I suspect that starting your own version of the API is the Software Designer / Software Architect version of Programmers’ “I know best so I’m going to do my part of the code my way which is different from everybody else’s”.
Mind you, at the very least good Software Architects should know best, but sometimes people get the title without having the chops for it.
If the APIs are meant for public consumption, requiring feature parity makes a lot of sense. But when it’s for internal use by your own developers, waiting means you are making a bunch of new API endpoints no one will ever use. People will write more and more code using the older endpoints and those endpoints will start getting changes that your new ones will need ported over.
I think if you are going to force people to use new endpoints, you’ll need them to either write the endpoints themselves or have a team member who can write it for them and account for this while planning. If getting a new endpoint requires putting in a JIRA ticket with a separate backend team, 4 planning meetings, and a month wait, people are just going to stick with what currently exists.

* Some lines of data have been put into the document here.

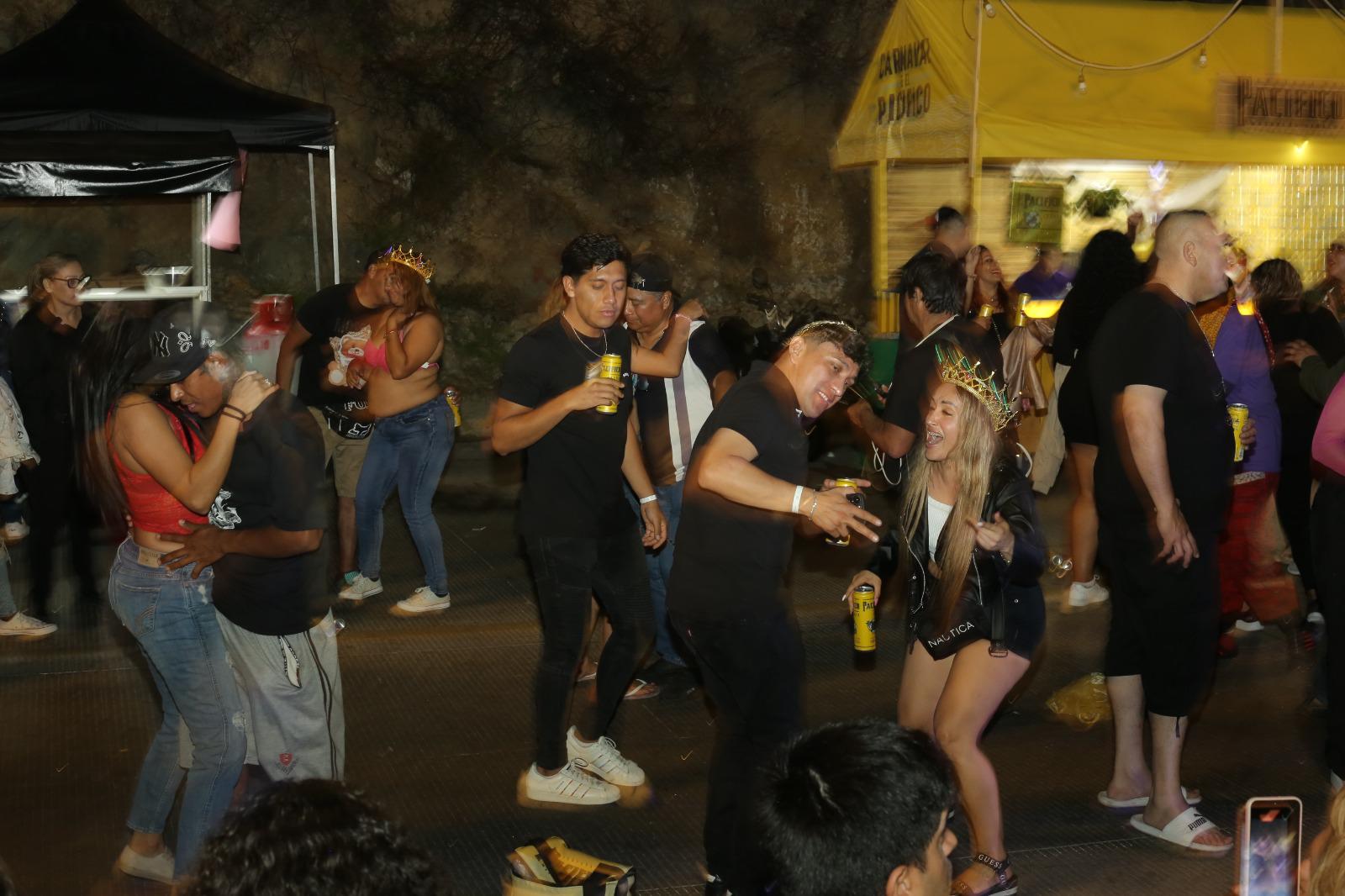 $!Vibra Olas Altas con la segunda noche del Carnaval de Mazatlán 2025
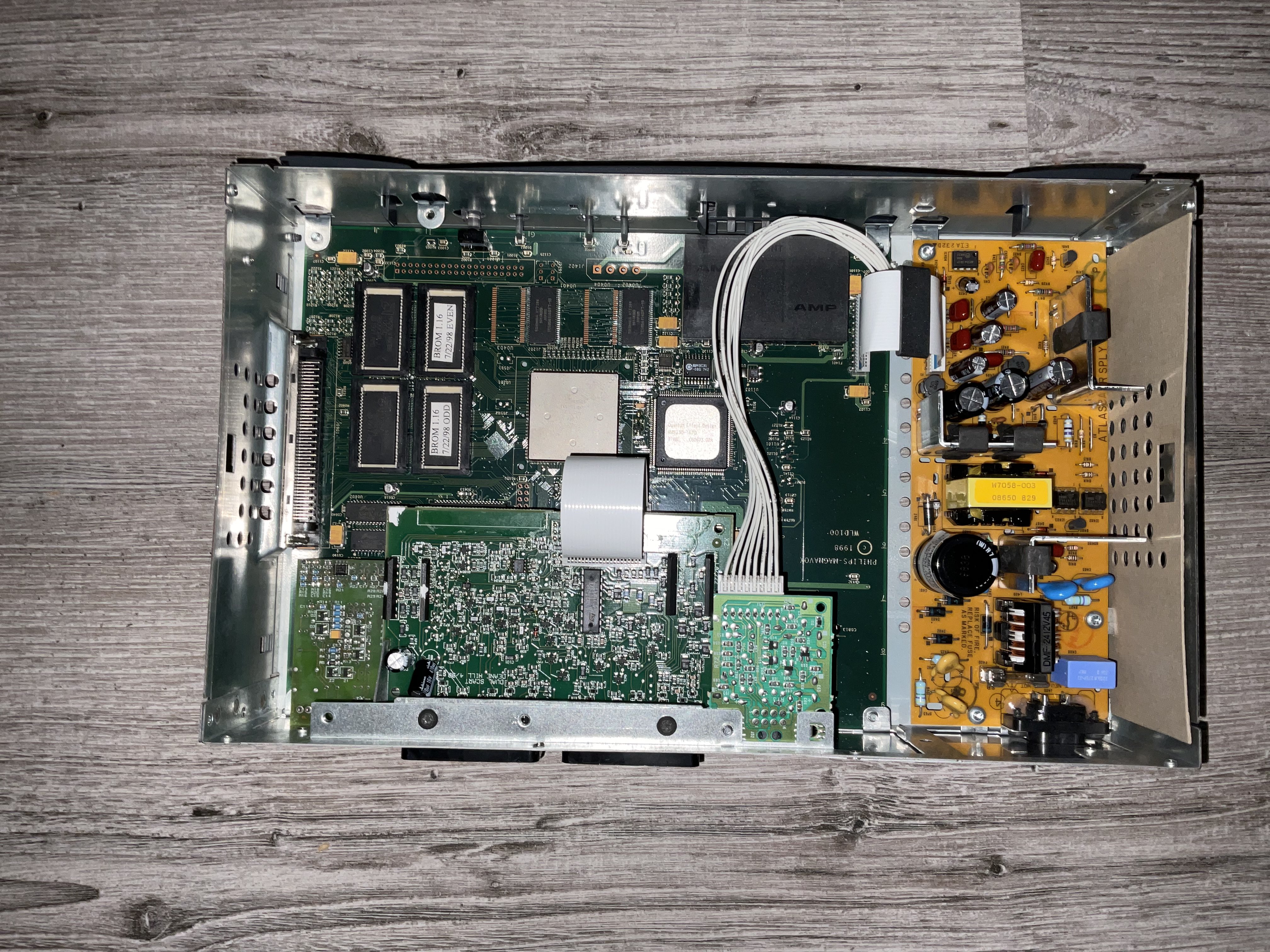 File:Mat972-it-unit-top-open.jpg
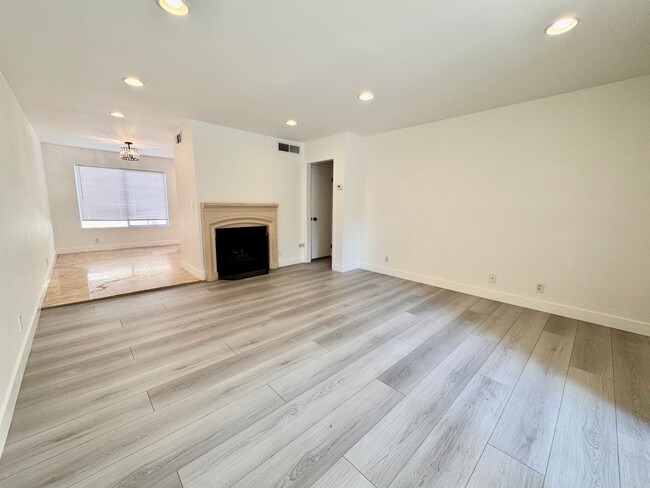 Building Photo - Beautifully remodeled townhouse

This is how we have 3 different APIs that sometimes do the same thing, but most times are incomplete when compared to the original v1, who in the meantime wasn’t properly maintained because we were “migrating” and now you have to use bits and pieces of the 3 of them to do anything.
It’s a nightmare. Can’t wait for the next genius to come along and start a v4, that will never be completed and will only re-implement parts of the old APIs while implementing all the new features
In my experience, having to write new v2 (or in my case v4) endpoints for most new features was expected.
v4??? At that point I’m just gonna guess the data
It was basically the same thing. In the code base, there was only v3 and v4. I never bothered to check what happened to v1 and v2, but I suspect they were used in an older, archived code base.
We’ve got 10 APIs, with a fraction of a percent of code coverage. None of the responses/requests/error messages/fetch services are standardized.
So unsurprisingly this project has been going on for 6 years.
Cheezus Crust!
It gets worse. Half the site is MVC, half is blazor. We depend on mainframe connections and external vendors, who in turn have their own API, which we have a wrapper API for.
The entire grahql fusion schema got nuked about two months ago, and we’re still panicking to fix it.
And each of our environments are half environments, that mesh with one another to create a data integrity hellscape.
It’s
turtlesrot all the way down.who in turn have their own API, which we have a wrapper API for.
Oh noooo!
That one is by far the worst to work with.
And by api v1 you meant stored proc, right ? 😝
This thread is giving me so much anxiety. I can’t read any more of these comments.